Pubblicato il 07 maggio 2018 Il Sole 24 Ore; Italia Oggi

La distinzione tra appalto di servizi e somministrazione di lavoro diventa ancora più sottile negli appalti cosiddetti labour intensive, ovvero appalti in cui l’apporto lavorativo è prevalente rispetto all’impiego di mezzi materiali per l’esecuzione delle attività (ad esempio appalti di pulizia, facchinaggio, engineering).

In queste ipotesi, venendo meno il discrimine di criteri quali l’organizzazione dei mezzi materiali, si pone il problema concreto di individuare gli spazi di legittimità riservati dall’ordinamento a tale ipotesi.

Secondo la giurisprudenza , in questi casi è sufficiente che il servizio sia caratterizzato da due fattori:
- l’assunzione del rischio d’impresa da parte dell’appaltatore;

- il potere direttivo.

I requisiti di legittimità dell’appalto, però, saranno differenti a seconda che oggetto del servizio sia un’attività a elevato contenuto professionale o un’attività semplice: nella prima ipotesi, infatti, sarà necessario provare che nell’attività di organizzazione e direzione del personale impiegato l’appaltatore trasmetta un know-how fatto di capacità e conoscenze tecniche, senza le quali la prestazione del singolo lavoratore avrebbe minor valore produttivo per l’impresa committente.

Al contrario, in caso di attività semplice, sarà sufficiente la mera attività di organizzazione e direzione della manodopera (Tribunale di Pesaro, sentenza 115 dell’8 marzo 2013).

Pertanto, è stato ritenuto legittimo l’appalto con prevalente apporto di manodopera sulla base del rilievo che il potere direttivo e disciplinare veniva esercitato dall’appaltatore, che gestiva le richieste e l’organizzazione del piano ferie e dei permessi, a nulla rilevando che il committente comunicasse in radiofrequenza, indicazioni ai lavoratori addetti all’appalto – rientrando questa ipotesi nei poteri di controllo del committente (tribunale di Bologna, sentenza 351 del 27 aprile 2016).
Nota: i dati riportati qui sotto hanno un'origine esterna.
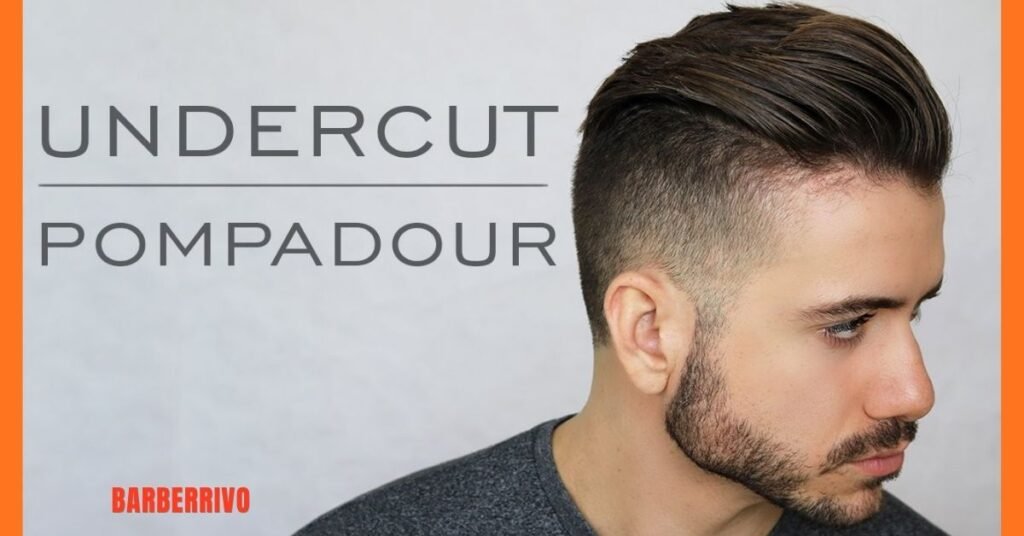 Undercut Pompadour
Questo potere organizzativo dell’appaltatore, sul piano concreto, può essere esercitato anche da personale addetto all’appalto a ciò preposto (referenti interni), senza che possa deporre in senso contrario la circostanza che il soggetto abbia dei contatti diretti con il legale rappresentante della società committente (Tribunale di Monza, sentenza 71 del 7 aprile 2015).

Ma se il criterio dell’organizzazione del lavoro è il fattore principale di verifica del contratto di appalto, sono pur sempre necessari altri elementi in generale in materia di genuinità dell’appalto, in particolare, per l’autonomia e compiutezza del servizio oggetto d’appalto, che potrà costituire una sezione del processo produttivo del committente, ma dovrà essere esperibile autonomamente dall’appaltatore (Tribunale di Milano, sentenza 3248 del 31 gennaio 2015).